One of ESPN’s tennis commentators was fired last month after accusations of “racist language” when describing Venus William’s playing style during the Australian Open. Doug Adler, former ESPN tennis commentator, filed a wrongful termination lawsuit against ESPN feeling that he had been treated both badly and unfairly.
The controversial comment made by former ESPN tennis commentator, Doug Adler, occurred on January 18th during Venus Williams’s 6-3, 6-2 victory over Stefanie Voegele. Many reported hearing Adler say, “You see Venus move in and put the gorilla effect on, charging.” Twitter exploded with negative responses and appalled reactions. Some called for the immediate termination of the 58-year old former tennis pro, who had been working as a tennis commentator for ESPN since 2008. The next day, Adler apologized, but made sure to clarify that his words were misinterpreted and that he had actually said, “guerilla effect,” in reference to a style of play that was made famous in the 1990s.
Adler’s lawsuit was filed in the Los Angeles Superior Court, where he reiterated that he said “guerilla” and noted that ESPN was simply bowing to pressure from social media users when they fired him from his job because social media users believed and actively promoted that he had used the word “gorilla” to describe Venus Williams.
Adler sees the lawsuit as one of the few options he has to fight for his reputation amidst the escalating misinterpretations of his comment. In response to the firing from his position at ESPN, Adler has had other employers in the industry “shun” him resulting in major financial and emotional harm. He is seeking an undisclosed amount in compensation and damages.
Adler was unaware of the controversy caused by the comment until 24 hours later. At that time, ESPN replayed the tape for him and his broadcast partner, asking them if they noticed anything unusual. According to Adler, they didn’t. He states that he was then informed that it had gone viral and why. He was advised that the Twitter community was branding him as a racist. At that point, ESPN instructed Adler to issue an on air apology for the remark, which they wrote for him. Adler issued the apology, did not call any more matches that day and was fired the next.

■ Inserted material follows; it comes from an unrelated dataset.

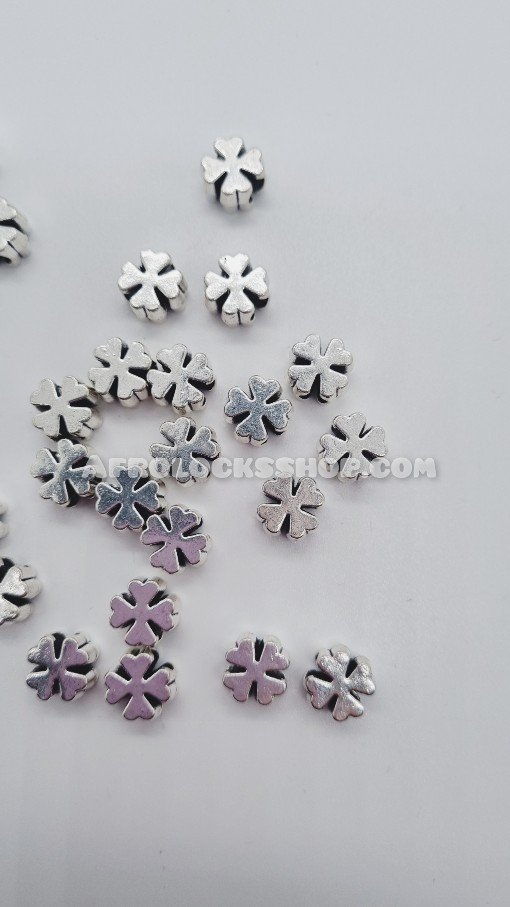 Lot de 30 perles en forme de croix celtique viking nordique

Adler’s attorney insists that the entire situation is ironic as Adler called everything professionally and correctly, while ESPN failed to do so. They recklessly made the wrong call and stuck to it. It is being labeled political correctness gone overboard as well as cowardly. Most of all, the actions of ESPN may have ruined a man’s career. When originally commenting upon Adler’s termination, ESPN stated that he should have been more careful in his word selection.